Em sentença, o d. juízo de 1º grau julgou procedentes em parte os pedidos da parte autora.

Em suas razões recursais, a parte REQUERIDA alegou que o empréstimo questionado fora regularmente contratado pela parte apelada, sendo indevidas a condenação a restituição dos valores pagos em dobro e em danos morais, por inexistir ilícito indenizável. Discute ainda sobre a aplicação dos juros e correção monetária. Diante do que expôs, requereu o provimento do recurso, para que seja reformada a sentença e julgados improcedentes os pedidos contidos na inicial.

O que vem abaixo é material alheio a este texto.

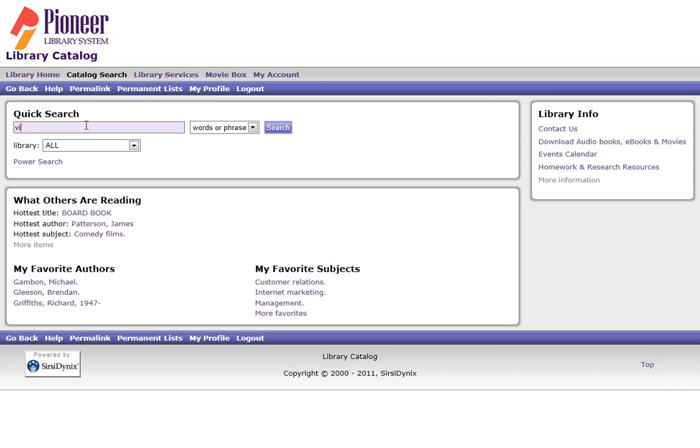At any point in time if you need assistance please do not hesitate to email virtuallibrary at pls.lib.ok.us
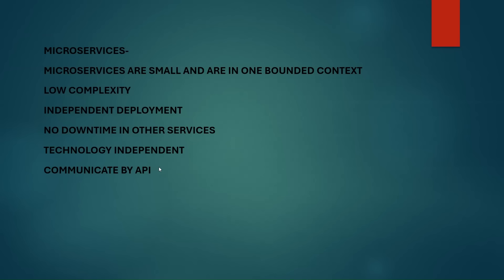That's it in this video. We will discuss more about microservices in the upcoming video. Thanks for watching.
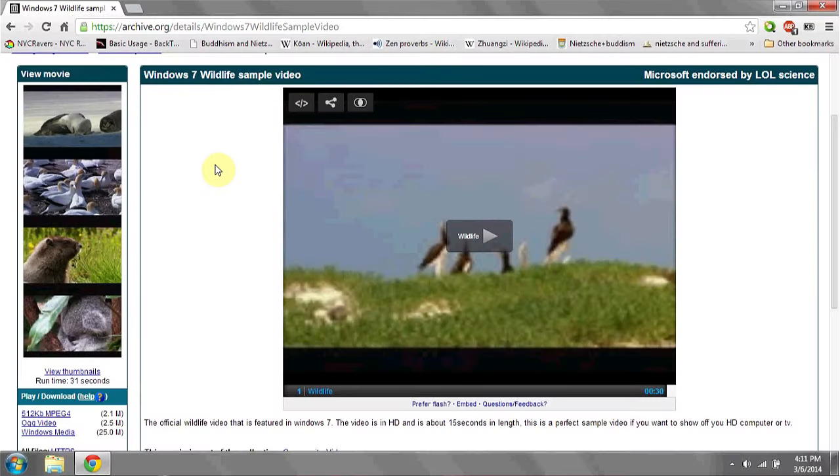If you want to have streaming content available, some authors or posters of video won't allow you to download them. However, others will. Here I have a sample video of wildlife.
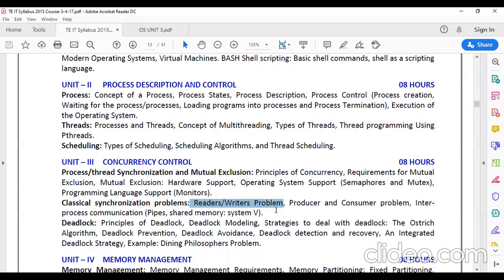There is also a practical for the producer-consumer problem. The third part is inter-process communication — how communication between processes is carried out using different methods: pipes, message passing, and shared memory. We will study all these different types of communication methods.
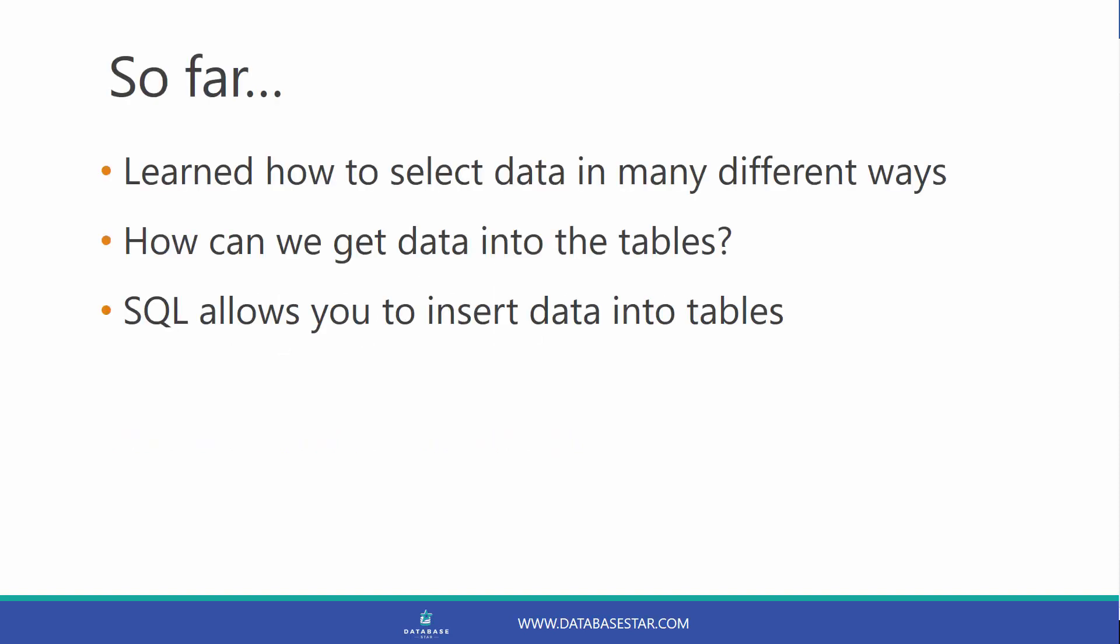Inserting Data. So far, we've learned how to select data from different tables in many different ways. This will help us get the data that we need. But what if we want to add data to a table? Also, the data in the tables that we're selecting from had to get in there somehow, right?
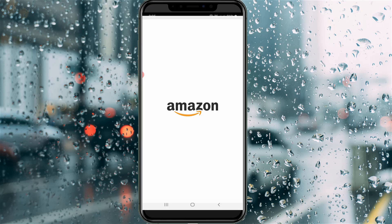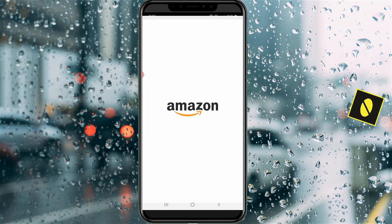Hello guys and welcome back to my YouTube channel Thetabox. Today I will show you how to delete your Amazon search history by using your Android mobile. This trick may also work on iOS platforms because the Amazon app settings are common for all devices.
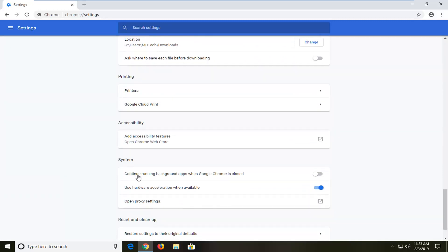Where it says continue running background apps when Google Chrome is closed, and where it says use hardware acceleration when available.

Já a parte autora requer o improvimento do recurso e manutenção da sentença.

 

É o relatório.

 

 FUNDAMENTAÇÃO

 

REQUISITOS DE ADMISSIBILIDADE

 

Recurso tempestivo e formalmente regular. Preenchidos os demais requisitos necessários à admissibilidade recursal, CONHEÇO do apelo.

 

MÉRITO

 

O art. 932 do CPC prevê a possibilidade do relator proferir decisão monocrática para proceder ao julgamento do recurso nas seguintes hipóteses:

 

Art. 932. Incumbe ao relator:

IV - negar provimento a recurso que for contrário a:

a) súmula do Supremo Tribunal Federal, do Superior Tribunal de Justiça ou do próprio tribunal;

 

No presente caso, a discussão diz respeito à comprovação do pagamento dos valores a autora, em suposto contrato de empréstimo, matéria que se encontra sumulada no Tribunal de Justiça do Piauí, nos seguintes termos:

 

SÚMULA 18 – “A ausência de transferência do valor do contrato para conta bancária de titularidade do mutuário enseja a declaração de nulidade da avença e seus consectários legais e pode ser comprovada pela juntada aos autos de documentos idôneos, voluntariamente pelas partes ou por determinação do magistrado nos termos do artigo 6º do Código de Processo Civil.”. (nova redação aprovada na 141ª Sessão Ordinária Administrativa em 16 de julho de 2024)

 

Assim, passo a apreciar o mérito do presente recurso, nos termos do art. 932, IV, “a”, CPC.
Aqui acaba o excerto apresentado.